Your instructions: I'd like the entries that follow repeated exactly, with the pictures left out.

Given data:
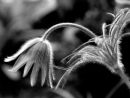3rd. Flower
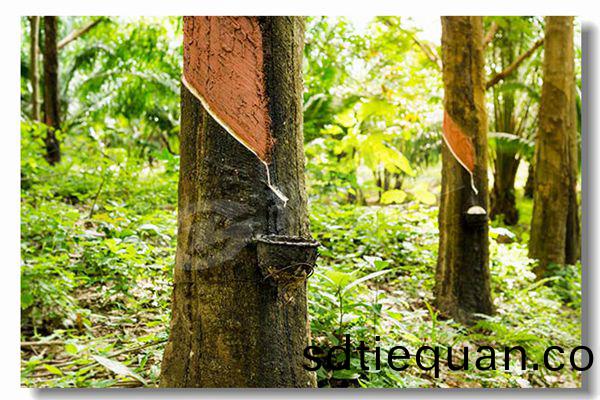 生(sheng)物(wu)質顆粒鍋(guo)鑪(lu)多少錢(qian)？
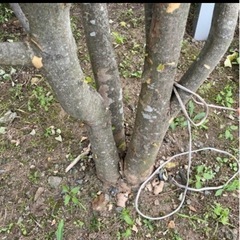 ヤマボウシの木の画像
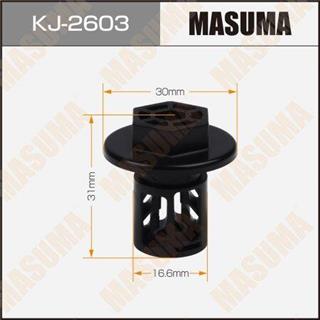 Thermostat Masuma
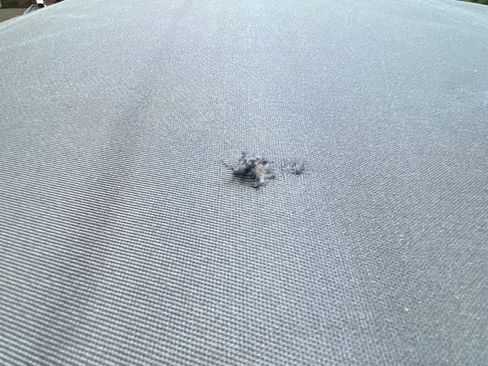 Used 2014 Chevrolet Corvette Stingray Convertible w/ 3LT Preferred Equipment Group image 29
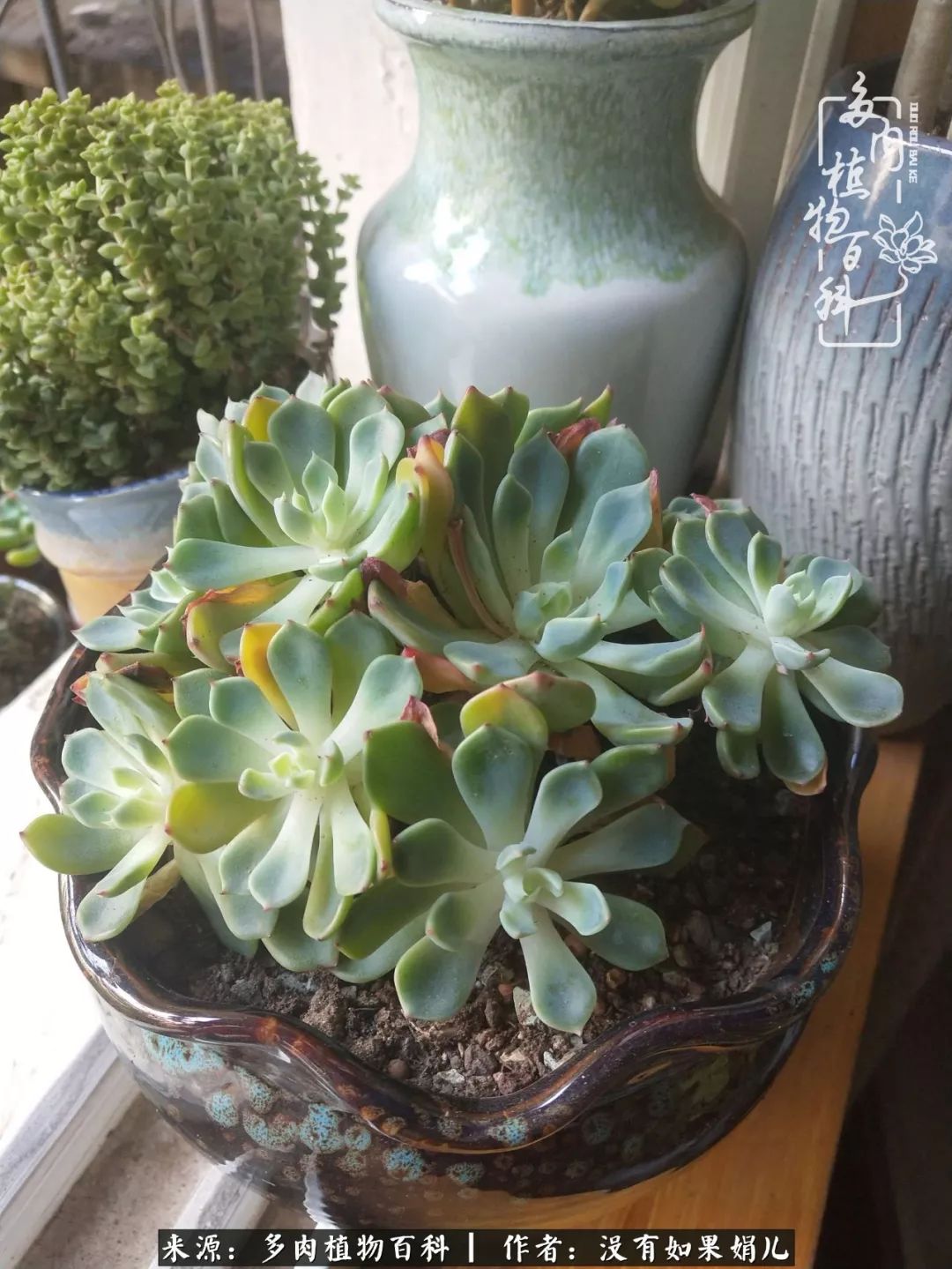 一个80后的养殖人,农村80后养肉人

Problem solution:
3rd. Flower
 生(sheng)物(wu)質顆粒鍋(guo)鑪(lu)多少錢(qian)？
 ヤマボウシの木の画像
 Thermostat Masuma
 Used 2014 Chevrolet Corvette Stingray Convertible w/ 3LT Preferred Equipment Group image 29
 一个80后的养殖人,农村80后养肉人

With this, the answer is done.